## ACTIVITY
Without any of the pictures, set down the data below exactly.

## GIVEN INFORMATION
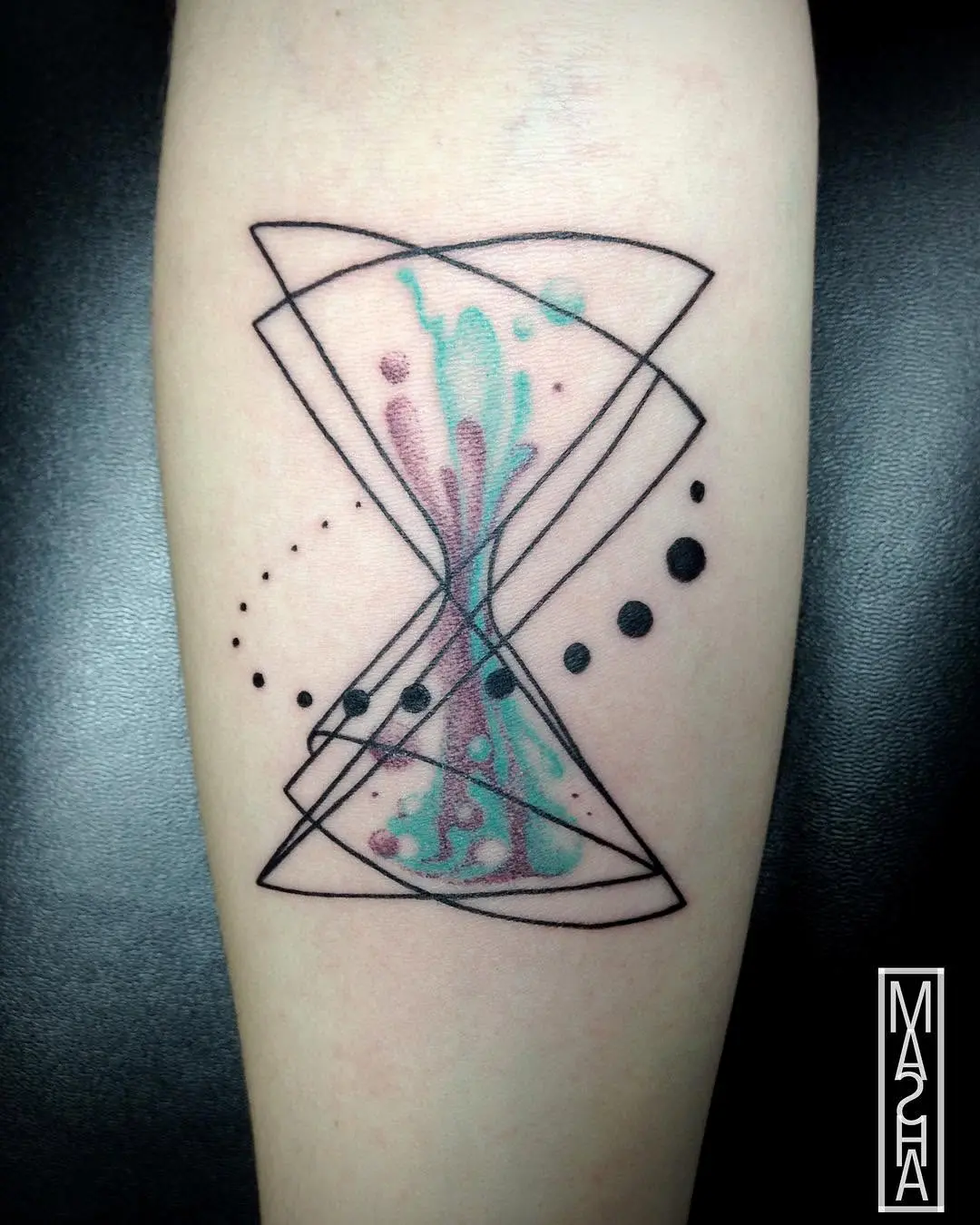 Stylish hourglass tattoo with abstract flair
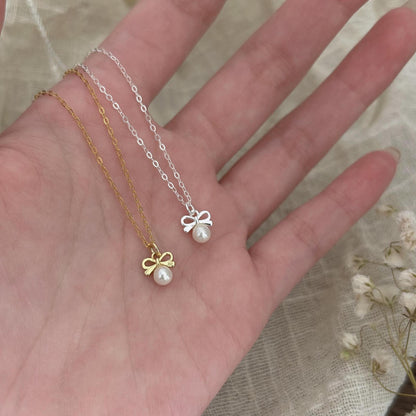 Petite Bow & Pearl-Accent Necklace in Gold-Tone Silver - view 2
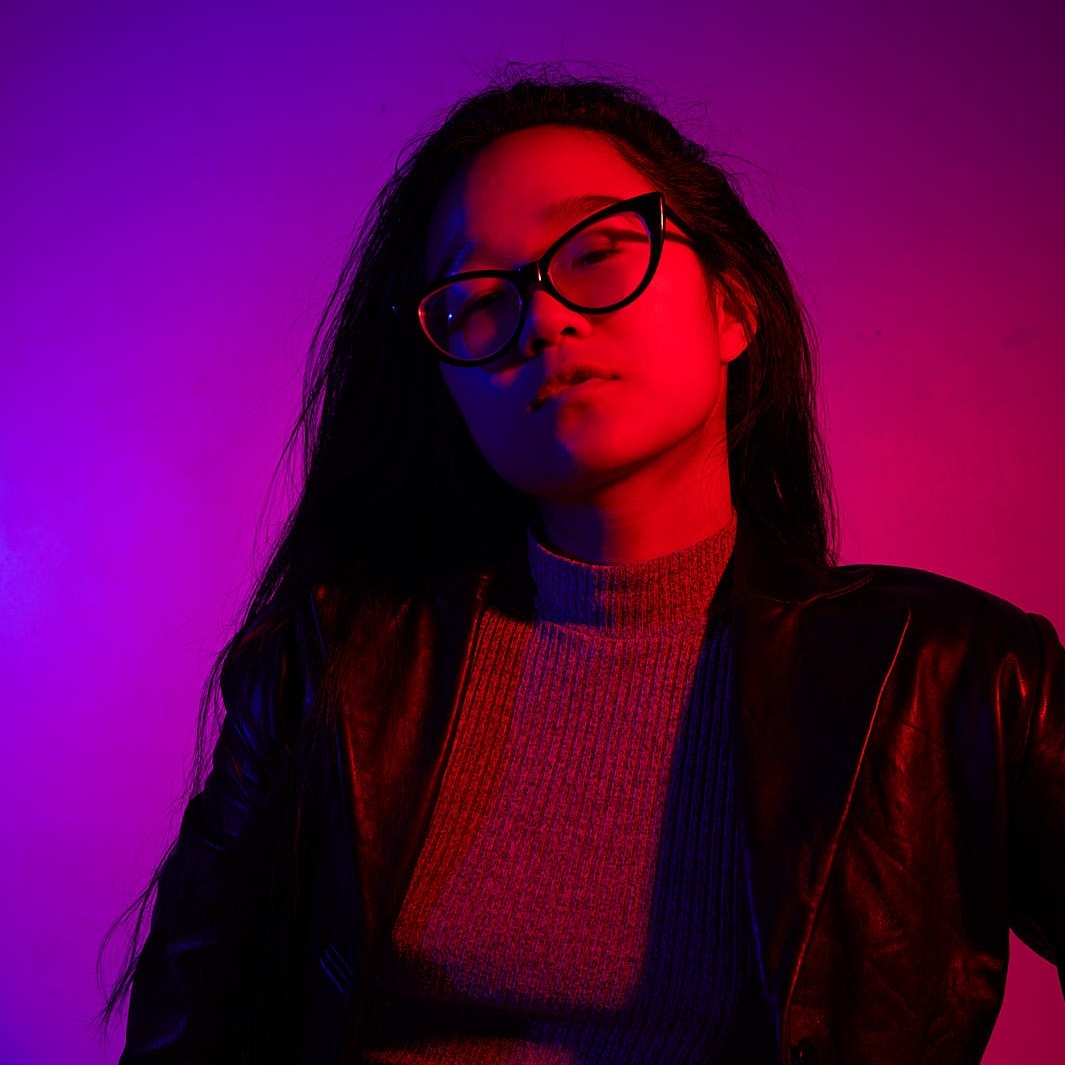 person with long black hair and glasses and black jacket in front of purple and pink backdrop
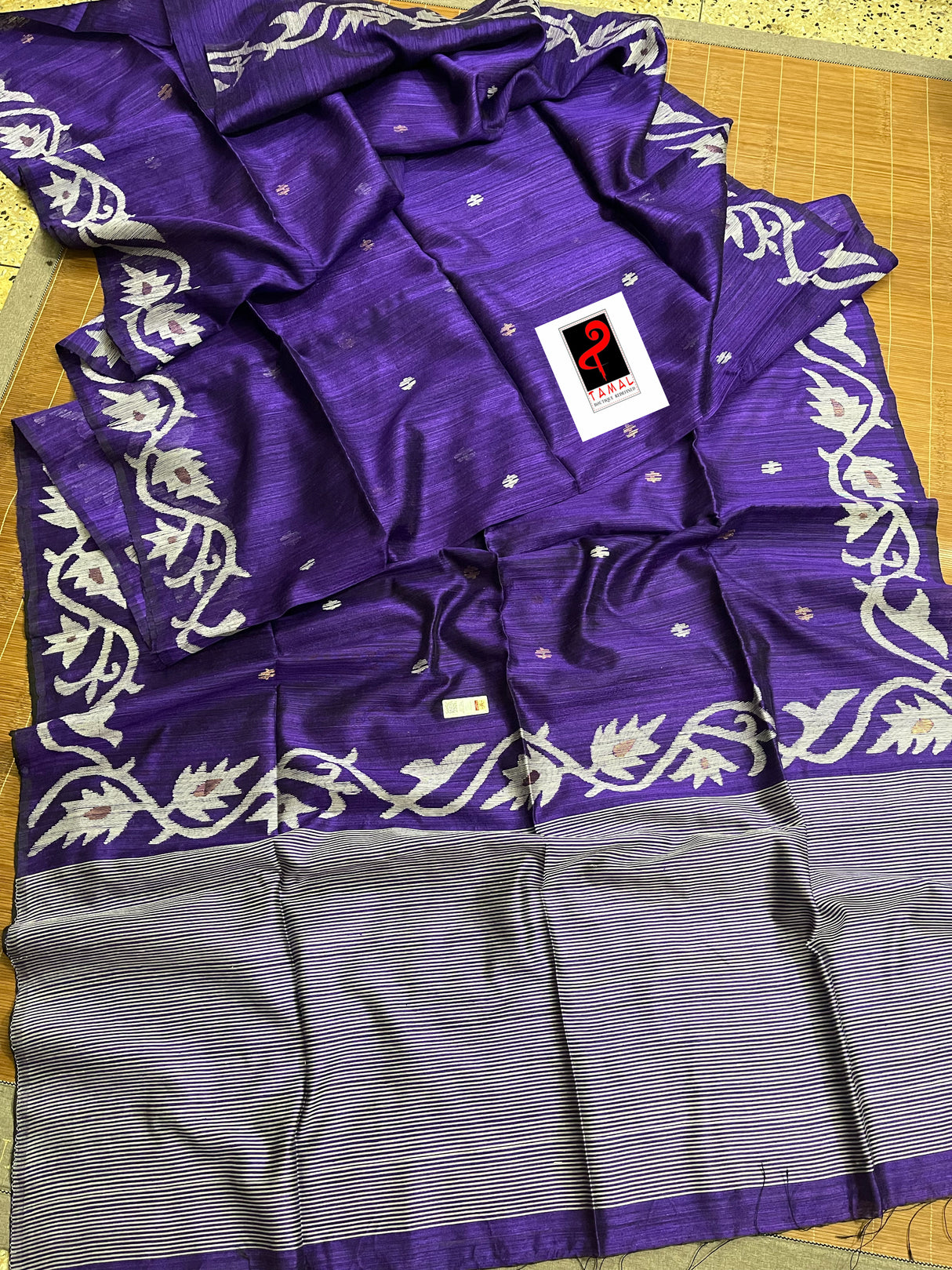 Deep purple with white alpona design handwoven matka silk jamdani saree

## EXERCISE OUTPUT
 Stylish hourglass tattoo with abstract flair
 Petite Bow & Pearl-Accent Necklace in Gold-Tone Silver - view 2
 person with long black hair and glasses and black jacket in front of purple and pink backdrop
 Deep purple with white alpona design handwoven matka silk jamdani saree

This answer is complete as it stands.